Pelaku keributan di area Sakura Mart, diantar Polisi ke Gereja


Humas Polres Minsel
Polsek Amurang melaksanakan kegiatan ‘problem solving’ melalui pendekatan religi terhadap lelaki JP alias Jerry (39), warga Kelurahan Ranoiapo, dan RT alias Rommy (22), warga Kelurahan Uwuran Dua, Kecamatan Amurang, Kabupaten Minahasa Selatan, yang diamankan karena mabuk dan melakukan keributan di lokasi pusat perbelanjaan Sakura Mart Amurang.

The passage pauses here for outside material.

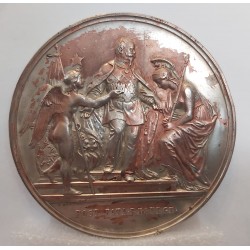 Vittorio Emanuele II (1861-1878) Medaglia per il trasferimento della capitale a Roma nel 1871 - Opus Moscetti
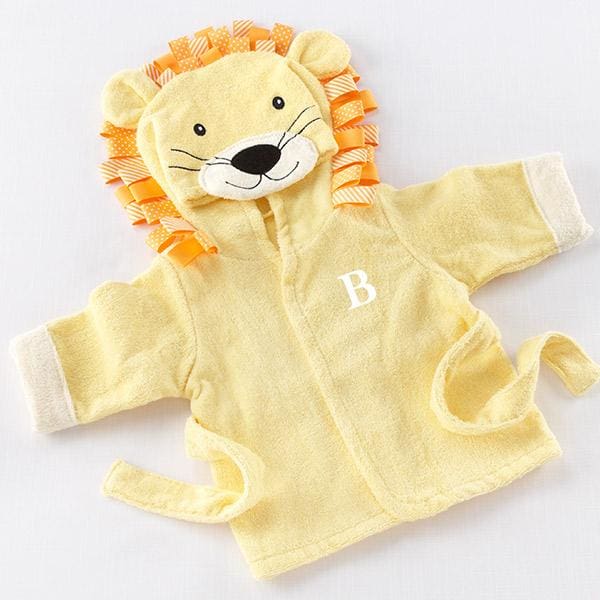 Big Top Bath Time Lion Hooded Spa Robe (Personalization Available) - Robes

Usai menandatangani surat pernyataan tidak akan mengulangi perbuatannya; Jerry dan Rommy diantar langsung oleh Kapolsek Amurang AKP Edi Suryanto, SH,SIK, bersama sejumlah anggota piket ke Gereja KGPM Tiberias, Kelurahan Bitung, Senin malam (30/09/2019).

Keduanya kemudian didoakan oleh Pendeta melalui kegiatan ibadah dalam rangka pengakuan serta ungkapan penyesalan atas tindakannya.

Kapolsek Amurang AKP Edi Suryanto, SH,SIK, mengungkapkan bahwa kegiatan penyelesaian permasalahan (problem solving) melalui pendekatan religi ini merupakan salah satu terobosan kreatif Polres Minsel dengan nama Prima Minstra, yang bertujuan untuk menimbulkan efek jera bagi para pelaku tindak pidana ringan.

“Prima Minstra merupakan problem solving atau penyelesaian masalah melalui pendekatan religi yang merupakan salah satu terobosan kreatif Polres Minahasa Selatan, dilakukan untuk menimbulkan efek jera serta menciptakan kesadaran moral para pelaku tindak pidana ringan,” ungkap Kapolsek.

Diharapkan melalui program Prima Minstra ini, pelaku tidak mengulangi perbuatannya lagi dan bertobat kepada Tuhan, sesuai dengan ajaran agama dan kepercayaannya.